Eventually, years later, I sold the watch at one of my first antique fairs for not much more than I had paid. Like most things I do regret letting it go. As for the unspectacular Christmas presents I’d bought, they were all graciously received. Looking back now though, more than anything, I would love to be buying presents for all those people once again, enormous, expensive, extravagant ones. That’s the real joy and pleasure of Christmas, not that I realised it as a small school boy all those years ago.
So, if you can afford it in these austere times go out and buy Christmas presents for all your dearest friends and family, for those you love, spare no expense. (It’s later than you think).
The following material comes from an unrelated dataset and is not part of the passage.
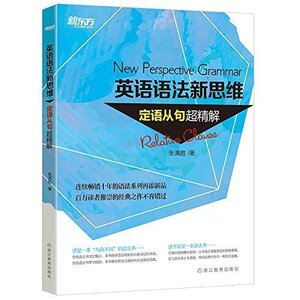 包邮 新东方 英语语法新思维 定语从句超精解 英语语法 适合大学英语四六级考试语法 英语学习初学自学 9787553634197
Either that, or perhaps, if you tend more towards the “bah” and “humbug” of the festive season, just go out, like I did as a small boy, and buy yourself a Rolex instead.
Merry Christmas.
Brilliant. I love your reading your pieces. The memories of Christmas shopping is so vivid the way you describe it. Merry Christmas and a very Happy New Year..
Well, you've presented me with a dilemma I never knew I had!
Unlike your cash-abundant childhood, I grew up with rationing and one was lucky to get a tangerine for Christmas and just maybe a lead toy soldier painted with fully leaded paint!